(Records from a data source)
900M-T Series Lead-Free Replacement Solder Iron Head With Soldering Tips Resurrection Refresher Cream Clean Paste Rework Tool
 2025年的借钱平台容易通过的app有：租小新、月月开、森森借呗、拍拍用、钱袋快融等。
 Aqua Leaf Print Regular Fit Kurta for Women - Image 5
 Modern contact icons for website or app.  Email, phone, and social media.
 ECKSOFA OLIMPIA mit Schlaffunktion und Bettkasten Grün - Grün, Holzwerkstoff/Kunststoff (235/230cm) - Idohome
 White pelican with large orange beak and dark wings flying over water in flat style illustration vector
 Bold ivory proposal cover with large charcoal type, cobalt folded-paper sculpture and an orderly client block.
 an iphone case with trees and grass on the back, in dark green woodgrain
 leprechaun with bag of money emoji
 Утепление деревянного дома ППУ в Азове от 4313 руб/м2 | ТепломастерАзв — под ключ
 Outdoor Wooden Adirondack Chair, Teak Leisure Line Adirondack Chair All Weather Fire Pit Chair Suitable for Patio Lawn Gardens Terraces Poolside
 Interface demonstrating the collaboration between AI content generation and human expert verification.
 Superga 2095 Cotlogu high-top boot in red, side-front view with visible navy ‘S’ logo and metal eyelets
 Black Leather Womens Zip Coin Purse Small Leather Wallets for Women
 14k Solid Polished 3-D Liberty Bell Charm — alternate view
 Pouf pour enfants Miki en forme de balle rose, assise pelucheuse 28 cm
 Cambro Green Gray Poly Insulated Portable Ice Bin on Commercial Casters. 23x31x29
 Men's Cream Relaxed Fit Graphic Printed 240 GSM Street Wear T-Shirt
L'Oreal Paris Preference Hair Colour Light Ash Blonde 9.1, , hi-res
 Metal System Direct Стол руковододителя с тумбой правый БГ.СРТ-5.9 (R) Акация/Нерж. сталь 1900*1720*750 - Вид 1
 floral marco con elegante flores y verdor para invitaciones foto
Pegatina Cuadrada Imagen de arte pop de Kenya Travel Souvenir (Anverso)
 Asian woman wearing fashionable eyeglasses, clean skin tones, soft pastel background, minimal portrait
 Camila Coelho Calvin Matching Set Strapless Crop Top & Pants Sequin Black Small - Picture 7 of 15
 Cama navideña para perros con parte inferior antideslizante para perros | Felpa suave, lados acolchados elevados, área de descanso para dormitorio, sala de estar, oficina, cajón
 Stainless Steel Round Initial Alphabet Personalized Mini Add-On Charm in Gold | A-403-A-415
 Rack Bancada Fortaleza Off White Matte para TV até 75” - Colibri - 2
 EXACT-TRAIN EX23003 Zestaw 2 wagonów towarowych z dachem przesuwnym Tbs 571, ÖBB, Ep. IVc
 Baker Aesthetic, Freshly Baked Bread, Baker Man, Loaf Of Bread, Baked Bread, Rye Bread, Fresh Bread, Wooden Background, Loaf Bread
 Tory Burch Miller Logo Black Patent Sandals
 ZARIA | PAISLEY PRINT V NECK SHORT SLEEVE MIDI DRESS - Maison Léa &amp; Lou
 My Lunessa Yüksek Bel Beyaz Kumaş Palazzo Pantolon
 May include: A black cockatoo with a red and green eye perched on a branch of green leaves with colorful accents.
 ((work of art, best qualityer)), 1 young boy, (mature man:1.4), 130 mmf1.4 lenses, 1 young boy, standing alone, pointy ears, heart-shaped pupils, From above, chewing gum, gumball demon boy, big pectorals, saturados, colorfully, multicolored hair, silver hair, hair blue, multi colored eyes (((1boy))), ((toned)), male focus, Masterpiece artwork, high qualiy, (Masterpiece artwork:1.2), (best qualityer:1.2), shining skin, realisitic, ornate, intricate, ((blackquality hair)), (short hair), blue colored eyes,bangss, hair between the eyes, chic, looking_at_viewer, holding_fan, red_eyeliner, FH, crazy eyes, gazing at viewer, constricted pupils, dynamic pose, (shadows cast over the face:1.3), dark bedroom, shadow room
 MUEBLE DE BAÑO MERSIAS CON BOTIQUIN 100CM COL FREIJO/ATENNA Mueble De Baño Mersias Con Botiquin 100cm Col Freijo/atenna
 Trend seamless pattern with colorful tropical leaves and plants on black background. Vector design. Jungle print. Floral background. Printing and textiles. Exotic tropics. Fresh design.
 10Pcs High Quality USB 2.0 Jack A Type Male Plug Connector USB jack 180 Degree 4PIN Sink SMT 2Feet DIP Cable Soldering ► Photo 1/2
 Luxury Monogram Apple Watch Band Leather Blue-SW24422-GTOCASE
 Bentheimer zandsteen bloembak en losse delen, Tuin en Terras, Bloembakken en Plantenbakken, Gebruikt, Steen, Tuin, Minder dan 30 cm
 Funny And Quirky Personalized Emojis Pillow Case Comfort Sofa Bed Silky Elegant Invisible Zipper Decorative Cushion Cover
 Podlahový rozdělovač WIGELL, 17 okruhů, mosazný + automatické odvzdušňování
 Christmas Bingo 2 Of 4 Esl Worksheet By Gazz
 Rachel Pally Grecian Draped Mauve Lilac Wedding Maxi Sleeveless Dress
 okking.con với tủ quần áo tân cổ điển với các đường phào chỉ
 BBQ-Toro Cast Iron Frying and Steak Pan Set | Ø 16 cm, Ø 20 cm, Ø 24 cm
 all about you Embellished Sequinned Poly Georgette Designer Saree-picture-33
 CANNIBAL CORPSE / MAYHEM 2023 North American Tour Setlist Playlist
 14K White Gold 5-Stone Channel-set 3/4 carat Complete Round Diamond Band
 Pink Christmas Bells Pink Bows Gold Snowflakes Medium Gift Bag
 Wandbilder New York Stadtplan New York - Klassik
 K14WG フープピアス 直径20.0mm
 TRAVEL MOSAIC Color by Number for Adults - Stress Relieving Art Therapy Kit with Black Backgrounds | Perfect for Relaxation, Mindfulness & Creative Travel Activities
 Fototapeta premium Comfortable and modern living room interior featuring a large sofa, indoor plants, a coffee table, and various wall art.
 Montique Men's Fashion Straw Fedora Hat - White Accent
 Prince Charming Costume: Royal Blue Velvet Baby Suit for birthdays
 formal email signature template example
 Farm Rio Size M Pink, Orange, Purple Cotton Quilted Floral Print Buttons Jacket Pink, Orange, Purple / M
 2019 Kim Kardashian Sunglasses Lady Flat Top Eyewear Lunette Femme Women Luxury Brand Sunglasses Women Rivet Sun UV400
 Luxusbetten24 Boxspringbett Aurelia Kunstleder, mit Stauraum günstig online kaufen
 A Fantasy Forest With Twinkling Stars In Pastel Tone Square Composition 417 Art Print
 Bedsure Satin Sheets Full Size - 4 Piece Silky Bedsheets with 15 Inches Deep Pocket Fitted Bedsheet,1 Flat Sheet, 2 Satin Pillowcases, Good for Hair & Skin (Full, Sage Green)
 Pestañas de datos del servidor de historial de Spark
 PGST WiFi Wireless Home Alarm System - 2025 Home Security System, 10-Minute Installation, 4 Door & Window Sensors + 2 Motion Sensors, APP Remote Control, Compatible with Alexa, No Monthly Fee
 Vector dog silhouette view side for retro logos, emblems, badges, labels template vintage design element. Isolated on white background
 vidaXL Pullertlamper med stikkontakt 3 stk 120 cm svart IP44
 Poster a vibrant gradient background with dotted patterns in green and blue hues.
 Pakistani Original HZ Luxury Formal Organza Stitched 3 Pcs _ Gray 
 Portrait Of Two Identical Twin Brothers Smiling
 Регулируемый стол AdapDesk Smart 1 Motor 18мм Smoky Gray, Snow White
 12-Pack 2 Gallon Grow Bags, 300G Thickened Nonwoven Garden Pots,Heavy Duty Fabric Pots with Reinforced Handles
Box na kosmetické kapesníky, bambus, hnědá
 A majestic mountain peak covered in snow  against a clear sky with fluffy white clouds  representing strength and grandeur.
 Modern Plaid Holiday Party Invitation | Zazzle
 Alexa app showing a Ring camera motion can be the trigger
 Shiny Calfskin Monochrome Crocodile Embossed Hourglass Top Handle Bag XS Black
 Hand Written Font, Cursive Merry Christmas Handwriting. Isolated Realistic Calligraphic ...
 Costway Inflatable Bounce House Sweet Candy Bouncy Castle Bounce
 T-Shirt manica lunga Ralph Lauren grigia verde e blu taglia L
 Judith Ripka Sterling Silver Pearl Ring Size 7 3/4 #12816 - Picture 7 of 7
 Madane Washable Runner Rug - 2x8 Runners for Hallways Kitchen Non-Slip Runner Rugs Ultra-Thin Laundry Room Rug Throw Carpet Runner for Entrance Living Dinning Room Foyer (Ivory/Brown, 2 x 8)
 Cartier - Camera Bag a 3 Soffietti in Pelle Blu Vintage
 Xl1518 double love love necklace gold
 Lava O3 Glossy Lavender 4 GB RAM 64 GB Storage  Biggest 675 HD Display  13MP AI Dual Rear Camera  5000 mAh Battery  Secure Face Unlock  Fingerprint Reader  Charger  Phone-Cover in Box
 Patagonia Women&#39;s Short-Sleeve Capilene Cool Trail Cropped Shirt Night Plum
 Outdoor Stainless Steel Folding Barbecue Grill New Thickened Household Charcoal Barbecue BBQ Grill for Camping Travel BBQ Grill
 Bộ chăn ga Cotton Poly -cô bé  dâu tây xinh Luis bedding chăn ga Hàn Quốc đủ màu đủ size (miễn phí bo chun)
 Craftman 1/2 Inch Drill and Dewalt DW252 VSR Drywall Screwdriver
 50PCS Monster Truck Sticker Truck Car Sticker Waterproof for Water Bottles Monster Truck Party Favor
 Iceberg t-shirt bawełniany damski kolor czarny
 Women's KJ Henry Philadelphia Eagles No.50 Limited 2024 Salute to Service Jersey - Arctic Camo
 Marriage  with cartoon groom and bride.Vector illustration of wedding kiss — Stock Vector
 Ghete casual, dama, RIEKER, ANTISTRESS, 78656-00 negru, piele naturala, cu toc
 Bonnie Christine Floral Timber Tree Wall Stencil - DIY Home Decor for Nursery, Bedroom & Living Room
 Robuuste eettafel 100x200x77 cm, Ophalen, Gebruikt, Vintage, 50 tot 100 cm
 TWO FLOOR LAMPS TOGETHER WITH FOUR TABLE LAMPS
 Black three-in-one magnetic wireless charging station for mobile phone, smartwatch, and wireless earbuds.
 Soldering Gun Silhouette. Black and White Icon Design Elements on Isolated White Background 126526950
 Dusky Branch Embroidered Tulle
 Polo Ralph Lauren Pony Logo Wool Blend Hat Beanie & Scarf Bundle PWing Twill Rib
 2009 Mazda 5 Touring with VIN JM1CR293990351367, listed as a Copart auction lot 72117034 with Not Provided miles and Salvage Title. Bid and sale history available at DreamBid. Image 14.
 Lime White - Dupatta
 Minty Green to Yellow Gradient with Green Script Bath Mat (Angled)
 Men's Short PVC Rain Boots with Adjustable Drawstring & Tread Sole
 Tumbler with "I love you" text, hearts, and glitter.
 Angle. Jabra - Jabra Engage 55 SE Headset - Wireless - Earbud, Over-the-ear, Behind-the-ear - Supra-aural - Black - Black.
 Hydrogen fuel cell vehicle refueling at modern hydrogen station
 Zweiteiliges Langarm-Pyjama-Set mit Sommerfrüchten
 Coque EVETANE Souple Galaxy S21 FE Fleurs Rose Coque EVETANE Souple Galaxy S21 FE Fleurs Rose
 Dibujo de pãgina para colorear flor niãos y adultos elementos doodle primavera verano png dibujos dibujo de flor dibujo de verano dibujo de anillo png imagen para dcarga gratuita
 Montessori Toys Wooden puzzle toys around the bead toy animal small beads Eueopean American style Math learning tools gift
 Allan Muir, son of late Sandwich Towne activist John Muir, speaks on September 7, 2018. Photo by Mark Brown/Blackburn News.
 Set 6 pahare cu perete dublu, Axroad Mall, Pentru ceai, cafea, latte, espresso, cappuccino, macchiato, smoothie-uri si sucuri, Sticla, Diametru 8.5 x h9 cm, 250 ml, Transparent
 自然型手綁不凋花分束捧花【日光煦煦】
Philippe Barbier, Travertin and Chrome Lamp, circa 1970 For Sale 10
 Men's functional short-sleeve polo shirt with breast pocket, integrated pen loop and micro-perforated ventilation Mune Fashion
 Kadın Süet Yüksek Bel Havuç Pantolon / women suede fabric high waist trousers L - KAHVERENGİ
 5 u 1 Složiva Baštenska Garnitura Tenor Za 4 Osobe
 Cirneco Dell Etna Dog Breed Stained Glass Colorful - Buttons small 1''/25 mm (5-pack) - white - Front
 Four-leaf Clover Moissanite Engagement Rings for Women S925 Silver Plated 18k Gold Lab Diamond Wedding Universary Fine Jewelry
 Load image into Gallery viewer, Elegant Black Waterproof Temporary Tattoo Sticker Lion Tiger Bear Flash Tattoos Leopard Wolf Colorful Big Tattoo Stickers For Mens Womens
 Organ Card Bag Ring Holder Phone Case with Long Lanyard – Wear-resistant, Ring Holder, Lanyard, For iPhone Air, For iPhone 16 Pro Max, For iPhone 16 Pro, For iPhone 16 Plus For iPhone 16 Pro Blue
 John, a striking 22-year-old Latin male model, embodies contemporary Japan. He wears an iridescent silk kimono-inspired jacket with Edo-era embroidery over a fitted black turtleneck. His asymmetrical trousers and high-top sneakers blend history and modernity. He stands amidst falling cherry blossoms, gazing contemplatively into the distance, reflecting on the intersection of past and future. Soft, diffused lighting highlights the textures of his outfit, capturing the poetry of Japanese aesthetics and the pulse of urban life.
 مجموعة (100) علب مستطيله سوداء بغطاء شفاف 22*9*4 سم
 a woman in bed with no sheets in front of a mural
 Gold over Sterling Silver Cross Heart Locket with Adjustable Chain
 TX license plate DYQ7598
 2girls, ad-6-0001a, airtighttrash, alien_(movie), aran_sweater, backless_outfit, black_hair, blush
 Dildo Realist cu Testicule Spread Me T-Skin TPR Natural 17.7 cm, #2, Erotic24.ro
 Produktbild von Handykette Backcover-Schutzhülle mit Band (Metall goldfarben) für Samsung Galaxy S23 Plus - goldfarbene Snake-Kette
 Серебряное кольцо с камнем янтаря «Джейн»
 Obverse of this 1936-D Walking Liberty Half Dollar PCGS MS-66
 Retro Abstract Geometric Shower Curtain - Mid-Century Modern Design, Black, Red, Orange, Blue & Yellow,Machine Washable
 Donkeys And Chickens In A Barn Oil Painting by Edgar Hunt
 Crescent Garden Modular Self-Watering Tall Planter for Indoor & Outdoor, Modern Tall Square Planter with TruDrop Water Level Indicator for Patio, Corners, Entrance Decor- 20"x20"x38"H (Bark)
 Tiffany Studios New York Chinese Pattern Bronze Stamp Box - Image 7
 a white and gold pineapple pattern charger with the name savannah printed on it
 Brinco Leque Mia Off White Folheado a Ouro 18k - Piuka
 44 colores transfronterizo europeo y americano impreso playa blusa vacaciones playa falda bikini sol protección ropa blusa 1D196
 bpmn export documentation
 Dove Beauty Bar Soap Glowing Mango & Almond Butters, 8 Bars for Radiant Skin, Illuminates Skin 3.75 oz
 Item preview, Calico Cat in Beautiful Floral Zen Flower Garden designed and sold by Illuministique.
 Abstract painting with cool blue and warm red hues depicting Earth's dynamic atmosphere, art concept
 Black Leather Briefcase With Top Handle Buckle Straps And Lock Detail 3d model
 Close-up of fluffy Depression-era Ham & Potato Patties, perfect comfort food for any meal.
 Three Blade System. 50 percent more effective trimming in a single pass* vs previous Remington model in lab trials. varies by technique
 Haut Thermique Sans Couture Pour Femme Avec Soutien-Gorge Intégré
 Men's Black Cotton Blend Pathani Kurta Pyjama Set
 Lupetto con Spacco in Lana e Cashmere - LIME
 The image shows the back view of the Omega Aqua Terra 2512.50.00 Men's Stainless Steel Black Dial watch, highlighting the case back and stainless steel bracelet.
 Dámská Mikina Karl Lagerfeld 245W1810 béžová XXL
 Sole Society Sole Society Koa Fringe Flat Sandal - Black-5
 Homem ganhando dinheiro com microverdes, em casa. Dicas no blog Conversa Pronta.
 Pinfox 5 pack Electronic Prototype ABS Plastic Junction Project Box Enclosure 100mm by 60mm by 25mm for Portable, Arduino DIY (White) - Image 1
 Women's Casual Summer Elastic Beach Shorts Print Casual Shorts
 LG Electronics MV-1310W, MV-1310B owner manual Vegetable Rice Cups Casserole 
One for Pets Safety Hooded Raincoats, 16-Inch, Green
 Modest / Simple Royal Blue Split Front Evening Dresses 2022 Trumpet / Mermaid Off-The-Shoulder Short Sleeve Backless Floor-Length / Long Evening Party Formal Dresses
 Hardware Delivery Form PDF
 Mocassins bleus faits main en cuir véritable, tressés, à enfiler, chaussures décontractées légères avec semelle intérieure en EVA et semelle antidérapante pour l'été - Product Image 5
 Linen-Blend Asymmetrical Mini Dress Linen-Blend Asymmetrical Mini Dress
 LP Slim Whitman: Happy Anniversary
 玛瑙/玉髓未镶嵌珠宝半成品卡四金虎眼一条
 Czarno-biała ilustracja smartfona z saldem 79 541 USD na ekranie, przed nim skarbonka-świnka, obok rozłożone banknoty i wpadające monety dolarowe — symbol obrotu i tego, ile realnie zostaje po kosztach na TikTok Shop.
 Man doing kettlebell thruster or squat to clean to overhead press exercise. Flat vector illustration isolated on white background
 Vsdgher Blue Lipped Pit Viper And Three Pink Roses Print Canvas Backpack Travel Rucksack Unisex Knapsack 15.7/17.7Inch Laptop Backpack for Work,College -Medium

TRY IT →
Your task is to restate, word for word, the lines from the beginning of the records to the line with "White pelican with", inclusive.

EXERCISE RESULT →
900M-T Series Lead-Free Replacement Solder Iron Head With Soldering Tips Resurrection Refresher Cream Clean Paste Rework Tool
 2025年的借钱平台容易通过的app有：租小新、月月开、森森借呗、拍拍用、钱袋快融等。
 Aqua Leaf Print Regular Fit Kurta for Women - Image 5
 Modern contact icons for website or app.  Email, phone, and social media.
 ECKSOFA OLIMPIA mit Schlaffunktion und Bettkasten Grün - Grün, Holzwerkstoff/Kunststoff (235/230cm) - Idohome
 White pelican with large orange beak and dark wings flying over water in flat style illustration vector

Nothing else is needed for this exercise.